Yes, you understood correctly :)

Another bug found with the same files and same MOZYME-run keywords as in the first post except for DUMP which I set as DUMP=60M
In the log I see DUMP=N - RESTART FILE WRITTEN EVERY 60.0 MINUTES REQUESTED, but no restart file has been created after running it 13 hours.

Yet another bug with the parsing.
MOZYME EPS=78.4 GNORM=0.0 DUMP=60M OPT LET NOTER PDBOUT REORTH PL T=100.00D ++
SCFCRT=1.D-20 MMOK GEO_REF="SELF"8.0
the 8.0 bias is not recognized.

[...]

*  GEO_REF    - REFERENCE GEOMETRY IS IN FILE "GABBR2_gaba_b-receptor.arc"
*               (A BIAS OF 8.0 KCAL/MOL/ANGSTROM^2 TOWARDS THE REFERENCE GEOMETRY WILL BE APPLIED)
 
[...]

 * UNRECOGNIZED KEY-WORDS: (8.0)                                              *
 * IF THESE ARE DEBUG KEYWORDS, ADD THE KEYWORD "DEBUG".                      *

Input file attached: input.tar.gz

Dirty solution is to use DEBUG to get into the Number of atoms in both systems must be the same -problem which can be solved as I previously mentioned.
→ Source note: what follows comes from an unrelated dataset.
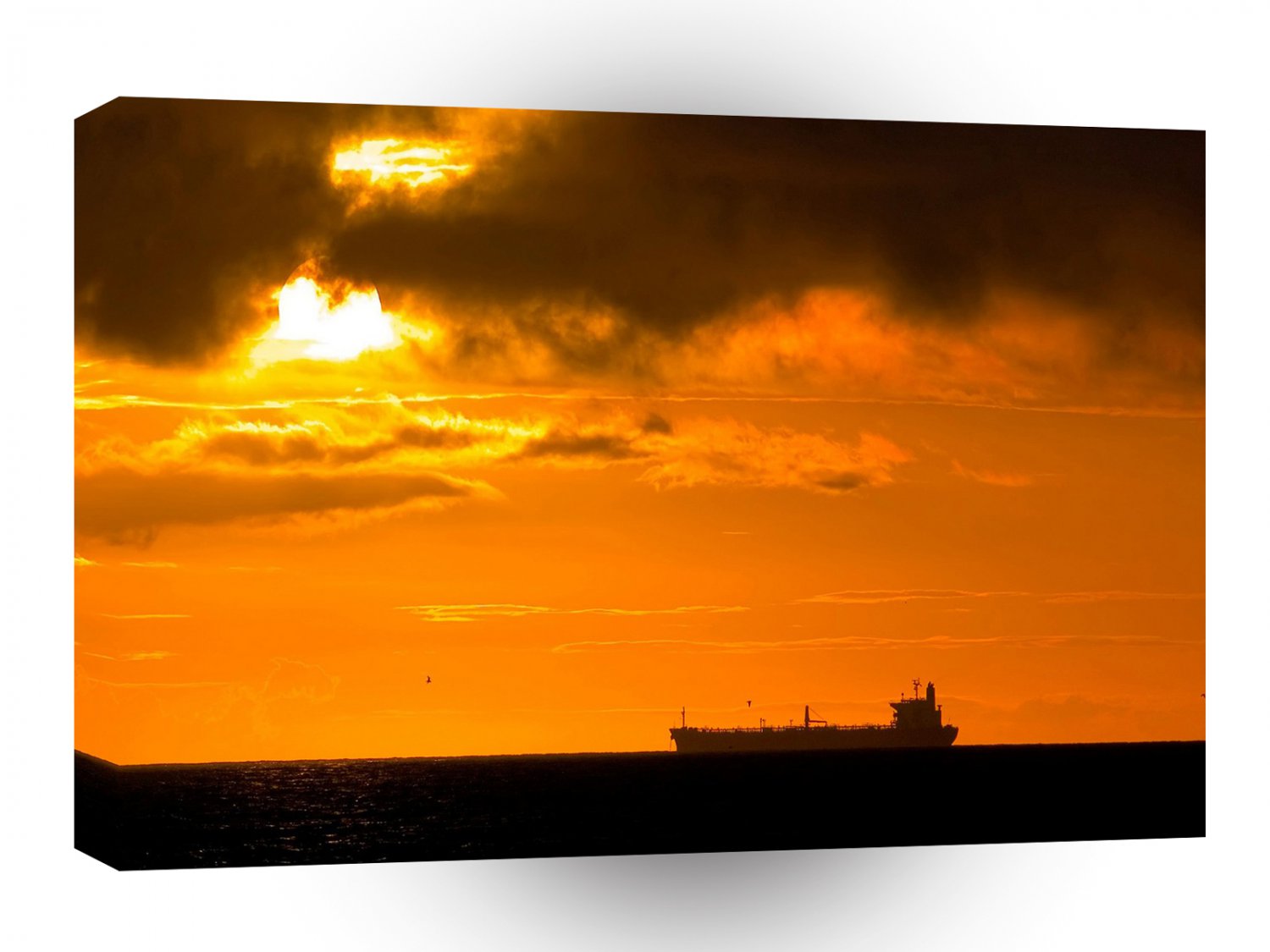 Sunset Setting Sail A1 XLarge Canvas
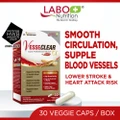Labo Nutrition Vesseclear Ex Dietary Supplement Capsule (For Clean & Flexible Blood Vessel, Dissolve Clots For Blood Pressure, Circulation Support, And Cardiovascular Health) 30s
This is also caused by my erroneous use(?) of the ++ instead of just one + as you said. The ++ adds one extra line. If I use only one + and the first atom starts at the 5th line, then the calculation starts just fine. Ie:

 MOZYME EPS=78.4 GNORM=0.0 DUMP=10M OPT LET NOTER PDBOUT REORTH PL T=100.00D +
 SCFCRT=1.D-20 MMOK GEO_REF="SELF"8.0 DEBUG

If I use & instead of +, the first atom of the model must start at the fourth line for the computation to run correctly (with the DEBUG).

The originally reported TER bug was fixed in #49 by adjusting when the breaks in the peptide backbone are updated (e.g. after adding hydrogen atoms). The original example now contains a TER at the very end of the PDB file, which is a valid TER location.

The incorrect interaction between ++ and GEO_REF has been fixed in #50.

The issue with DUMP does not seem to be a bug, but instead a misunderstanding of what DUMP does. It records updates to the geometry during geometry relaxation and other geometry-altering processes. In your example, it is likely that no geometry updates are occurring to be stored by DUMP because SCFCRT=1.D-20 is preventing the SCF cycle from converging until the maximum number of SCF iterations has been performed (set by ITRY and 2000 by default). The geometry can only be updated between SCF cycles, and with your settings, the SCF cycle probably won't terminate in 13 hours (I would need timing information to understand this more definitely). I have confirmed that a restart file is being regularly printed for your example when ITRY and DUMP are set to very small values to force the premature termination of the SCF cycle.

Please close this Issue if these bugs are now resolved or update it with a clarification of lingering or related bugs. I will close this Issue myself at some point if there is no further activity on it.

This should be safe to close at this point.